After a year in public high school, Maureen Farace knew her daughter needed something different, so the family began investigating private schools.
There were a lot of factors to consider—class size, how much individual attention students received, resources available to students who, like Maggie, weren’t thriving academically, the social environment, extracurricular offerings and more.
“It’s not easy to find a private school that fits your kid,” Farace says.
Indeed, when making the decision that affects not only your child’s future, but your family’s bank account—the average cost of private school in Northern Virginia is about $13,500 each year—there is a lot to bear in mind.
“A lot of parents want to pick schools based on brand name, or the list of colleges graduates attend,” says Ann Dolin, founder of Educational Connections Tutoring and Test Prep, an educational coaching and consultancy based in Fairfax.
This is not, she explains, the most beneficial approach. Instead, Dolin advises looking at how the school will match a child’s individual needs. Will, for example, a school with a very rigorous workload and a lot of homework be a good fit for a child who requires a lot of guidance? Does the school offer enough balance for students to be enriched artistically and athletically as well as academically? Is the school conveniently located—think before committing to an hour-long commute each day. Will your child feel comfortable?
“As parents we think academically—will my child get into a good college? Kids think socially—who will I sit with at lunch? There’s sometimes a disconnect between the desires of parents and kids,” says Dolin.
While there may not be a foolproof, or indeed simple, formula to selecting the perfect private school for your child, choosing from among the many excellent options in the region needs be neither an impossible nor overwhelming task.
So, what comes first?
Embrace The Process
“It’s a process,” says Leigh Ann Cahill, director at Independent School Options, an Alexandria-based consultancy specializing in school placement. “You’re going to learn so much about yourselves, your child and your family dynamic. Embrace the process.”

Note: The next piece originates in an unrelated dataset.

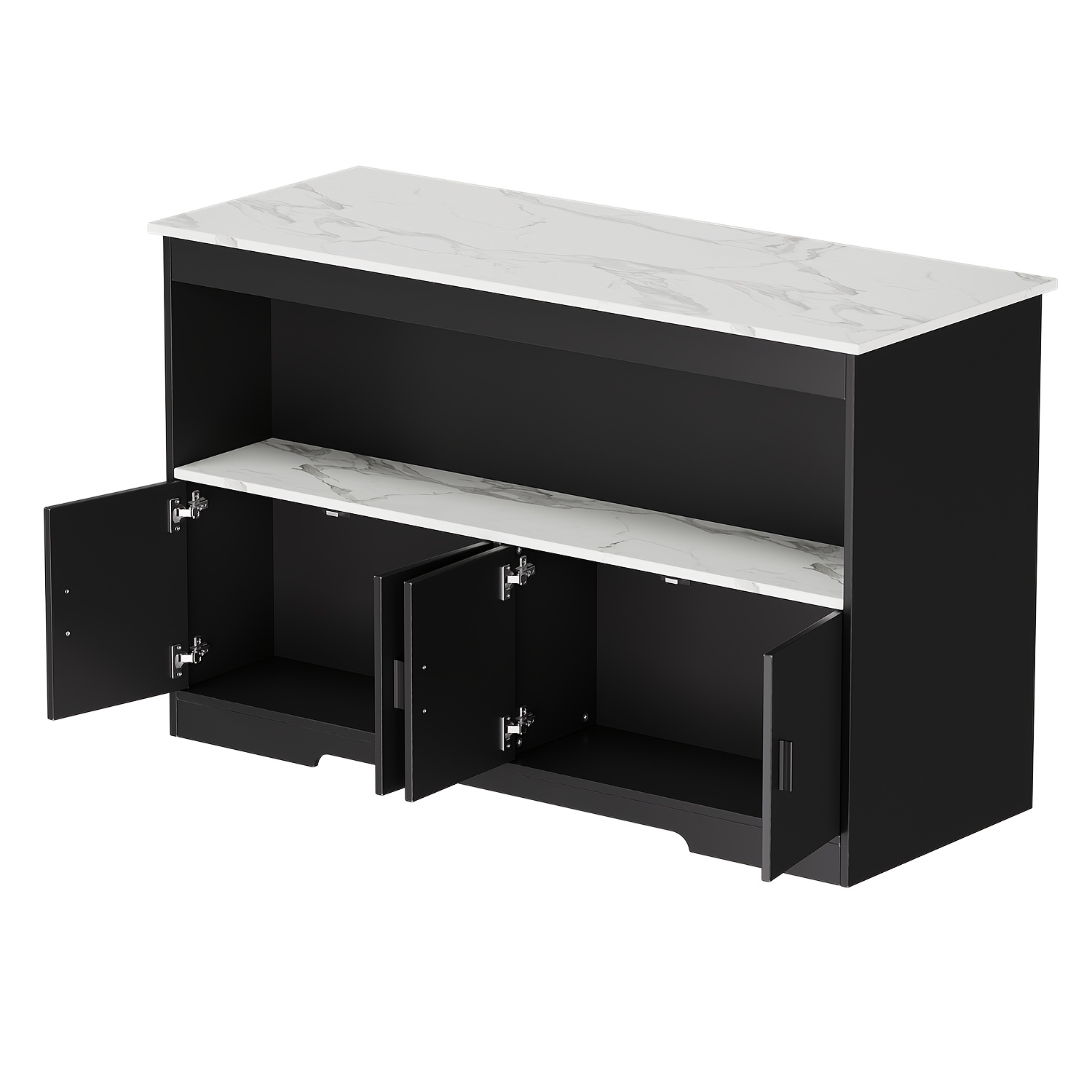 TEMU Kitchen Island With Countertop, Imitation Marble Countertop, Modern Kitchen Sideboard With Cabinets, Cabinets, Suitable For Kitchen And Dining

Certainly, the classroom learning environment and curricula available at various schools must be taken into account when selecting an educational environment for one’s child. Different schools espouse different academic philosophies.
When examining a school’s academic philosophy, Cahill says she advises parents to think about volcanoes: Would your child learn better reading about volcanoes, watching videos or building a volcano and making it erupt?
At Gesher Jewish Day School, Head of School Dan Finkel says, “we’re pretty focused on big picture kind of stuff.”
He defines “big picture stuff” as skills and habits such as writing, critical thinking, communication and leadership, more than facts and figures.
“If you’re being an honest educator, you’ll admit you don’t know what obstacles you’re preparing students for in the future,” says Finkel.
“We believe everybody can learn,” says Nicole McDermott, head of the Pinecrest School. “We believe when learning is hands-on, thematic and creative, and encompassing many different multiple intelligences, that children learn better.”
Madeira, an all-girls day and boarding institution for grades nine-12 in McLean, thrives on a philosophy of “strong college prep blended with experiential learning,” according to Director of Communications and Marketing Karen Joostema. The school year is divided into seven modules of five weeks apiece, wherein students take three 80-minute classes per day, with time built in for teacher meetings, projects or arts and sports. Each student works with faculty to create a four-year academic plan that suits their goals and interests.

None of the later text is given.